Teltower Kreisbahnen
Die Teltower Kreisbahnen war ein kommunaler Eigenbetrieb des Landkreises Teltow, der von 1906 bis 1921 bestand und drei Straßenbahnlinien betrieb.
Geschichte
Sie entstanden am 1. April 1906, als der damalige Landkreis Teltow zwei Straßenbahnbetriebe käuflich erwarb. Der neue kommunale Eigenbetrieb umfasste einen meterspurigen Teil, die Elektrische Straßenbahn Berlin-Lichterfelde–Lankwitz–Steglitz–Südende–Mariendorf. Ihr erster Abschnitt war von der Firma Siemens & Halske AG am 15. Mai 1881 als erste elektrische Straßenbahn der Welt von der Kadettenanstalt in Lichterfelde zum Bahnhof der Berlin-Anhaltischen Eisenbahn, dem späteren Bahnhof Lichterfelde Ost, eröffnet worden. Zu dieser Elektrischen Bahn Lichterfelde kamen unter anderem 1890 sowie am 4. März 1895 und 3. April 1913 weitere Teilstrecken nach Steglitz und Mariendorf. Die ursprüngliche Stromzuführung mittels der Fahrschienen wurde im Laufe der Jahre durch den heute üblichen Oberleitungsbetrieb ersetzt. Die Strecke war 1914 15 Kilometer lang.

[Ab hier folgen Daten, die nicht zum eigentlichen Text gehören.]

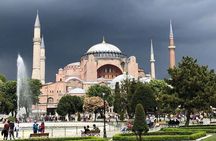 Hagia Sophia - Hippodrome - Iron Church - Balat & Boat Tour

Den normalspurigen, zweiten Teil bildete die Straßenbahn Groß-Lichterfelde–Seehof–Teltow–Stahnsdorf–Kleinmachnow (Schleuse). Sie war aus der Dampfstraßenbahn AG der Centralverwaltung für Secundairbahnen Herrmann Bachstein hervorgegangen, die am 8. Juli 1888 den Betrieb bis Teltow, 1891 bis Stahnsdorf und am 15. Oktober 1905 bis zur Schleuse Kleinmachnow aufgenommen hatte.
Ein Jahr nach dem Übergang auf den Kreis Teltow führte dieser am 30. März 1907 auch auf dieser Strecke im Personenverkehr den elektrischen Betrieb ein. Dafür wurde 1907 in Stahnsdorf ein neues Depot gebaut. Die Liniennummer war zeitweise 100 oder Z.[1]
Im Güterverkehr blieben weiterhin Dampfloks im Einsatz, bis der Güterverkehr am 21. Juli 1909 von der Teltower Industriebahn übernommen wurde, zu der eine Gleisverbindung bestand. Eine Erweiterung fand am 2. November 1912 mit der Strecke Händelplatz–Lichterfelde Süd, Lindenstraße statt. Damit war auch der normalspurige Teil 15 Kilometer lang.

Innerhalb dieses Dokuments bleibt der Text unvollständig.